Segment Open

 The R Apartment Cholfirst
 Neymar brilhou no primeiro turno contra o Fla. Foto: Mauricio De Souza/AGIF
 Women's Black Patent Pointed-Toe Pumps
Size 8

Segment Closed
Segment Open

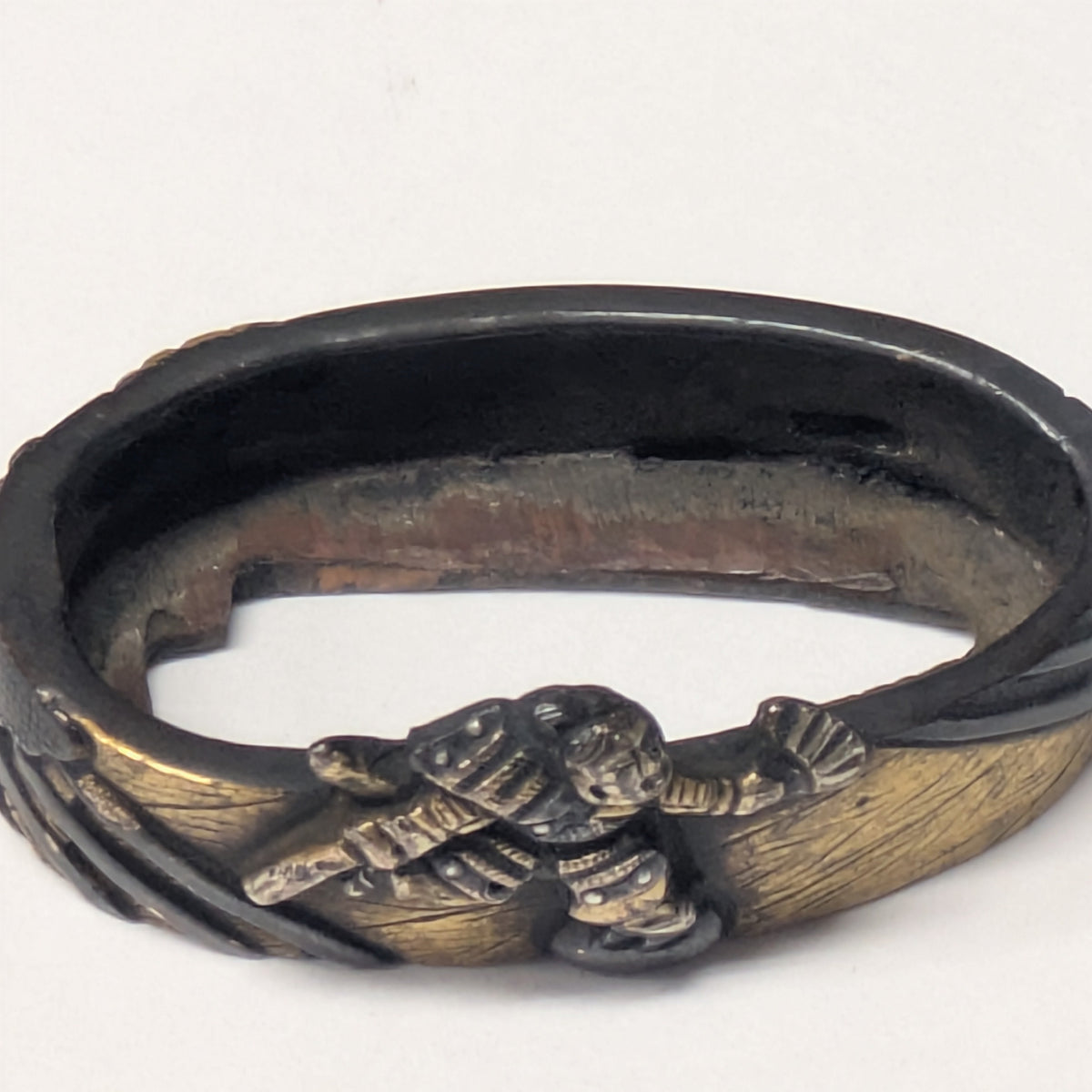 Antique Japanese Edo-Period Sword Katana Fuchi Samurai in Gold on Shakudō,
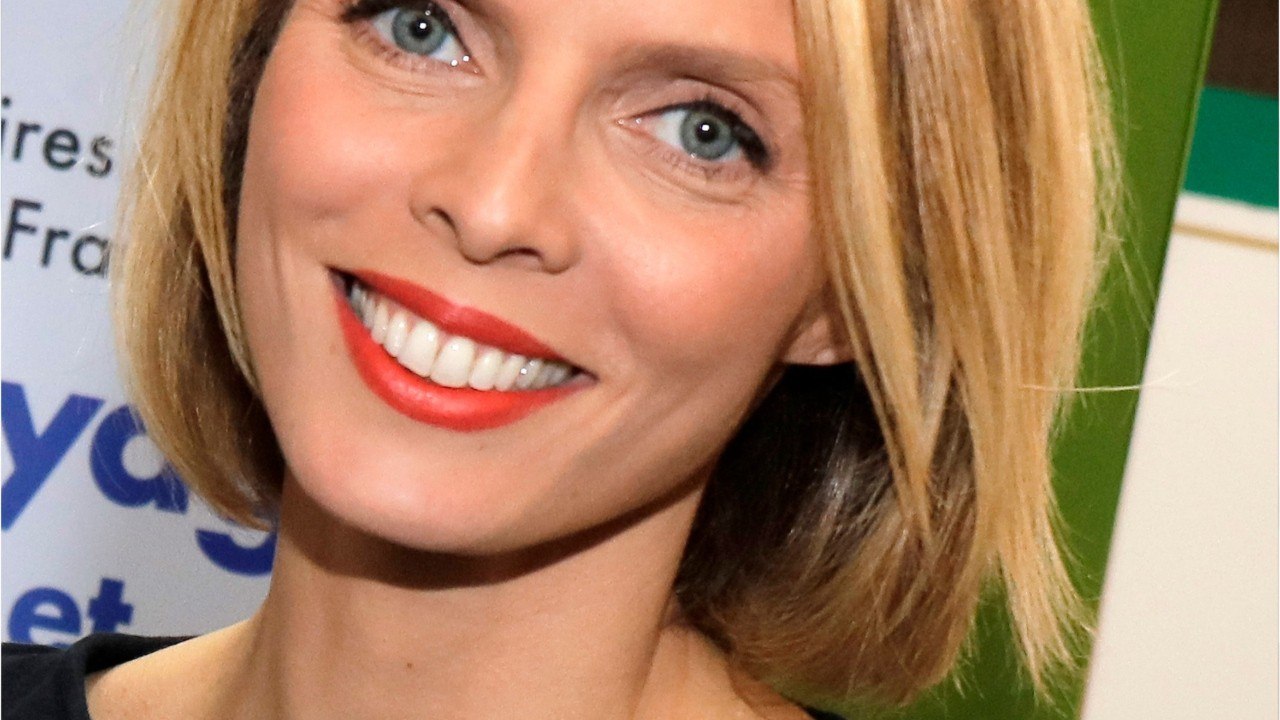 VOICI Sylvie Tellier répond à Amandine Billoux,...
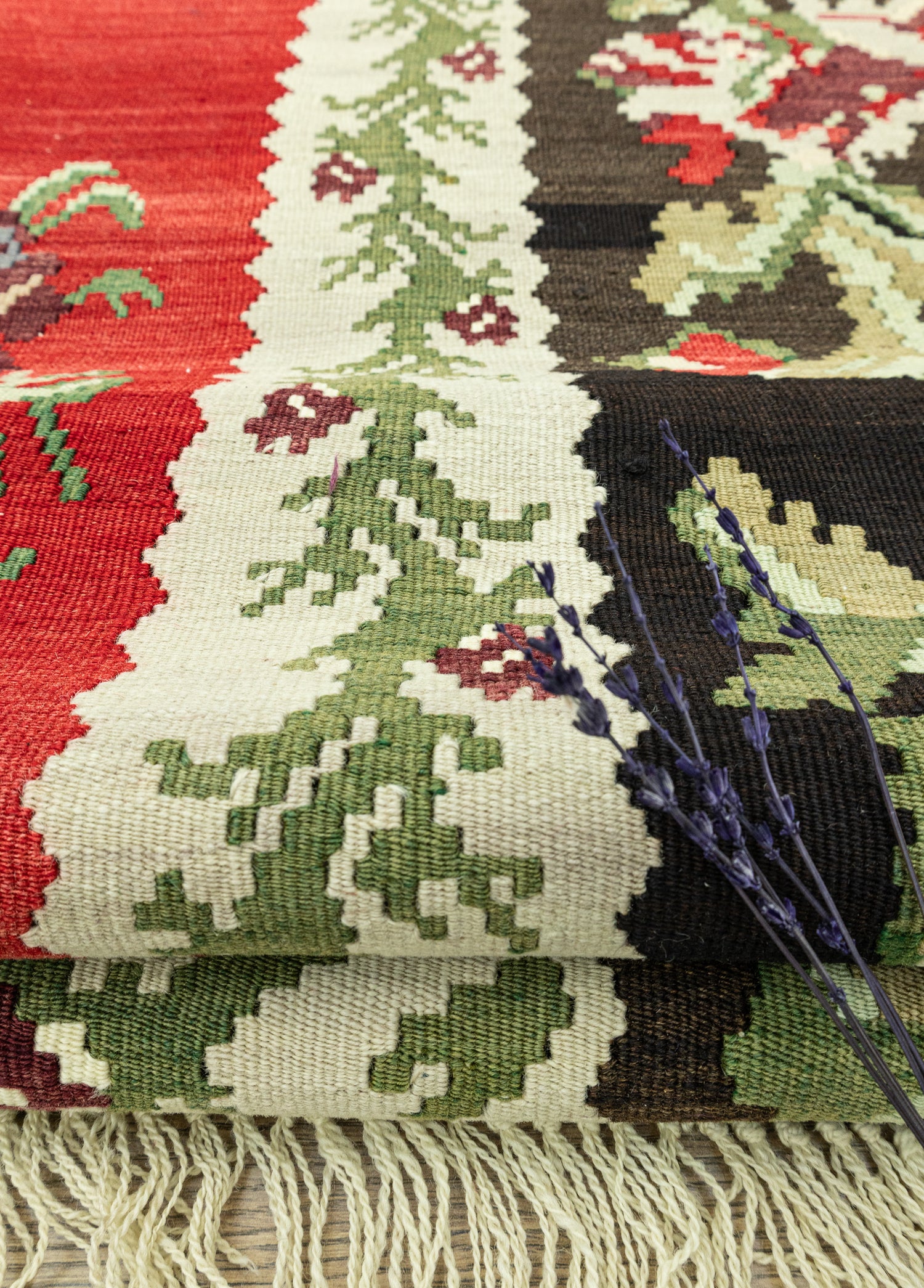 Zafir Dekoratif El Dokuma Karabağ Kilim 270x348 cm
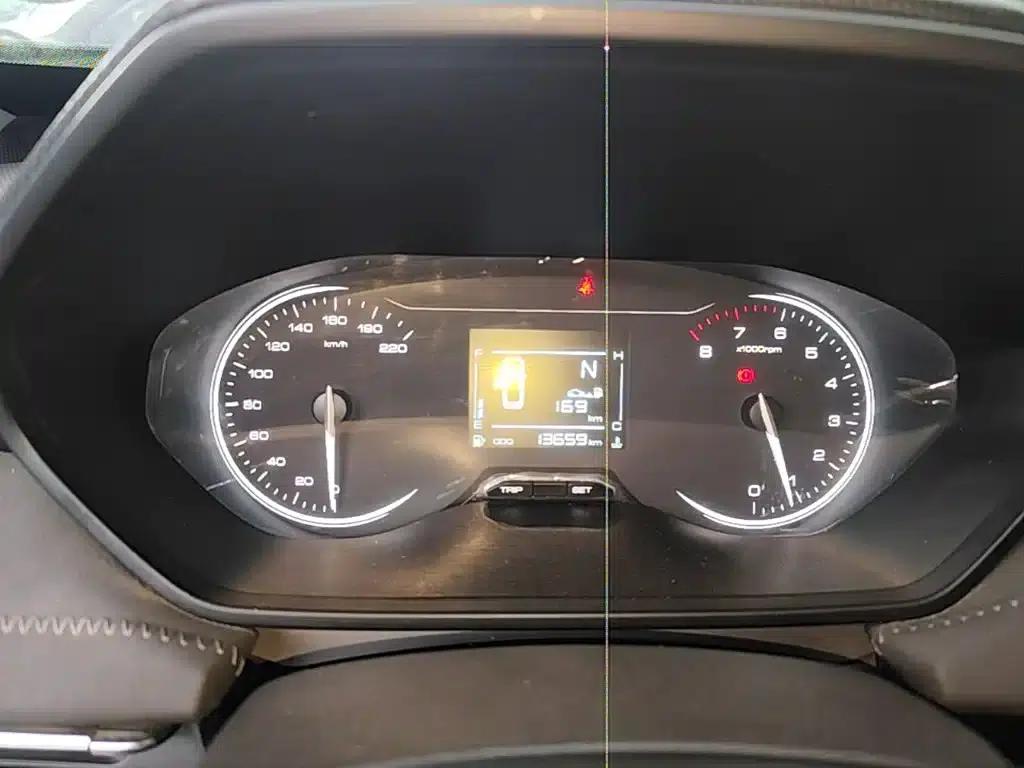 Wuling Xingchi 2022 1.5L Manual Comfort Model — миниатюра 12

Segment Closed

> [WHAT THE TASK REQUIRES]
Skipping every picture, transcribe exactly the lines above from the one containing "VOICI Sylvie Tellier" through the one containing "Wuling Xingchi 2022", both included.

> [RESPONSE TO THE TASK]
 VOICI Sylvie Tellier répond à Amandine Billoux,...
 Zafir Dekoratif El Dokuma Karabağ Kilim 270x348 cm
 Wuling Xingchi 2022 1.5L Manual Comfort Model — миниатюра 12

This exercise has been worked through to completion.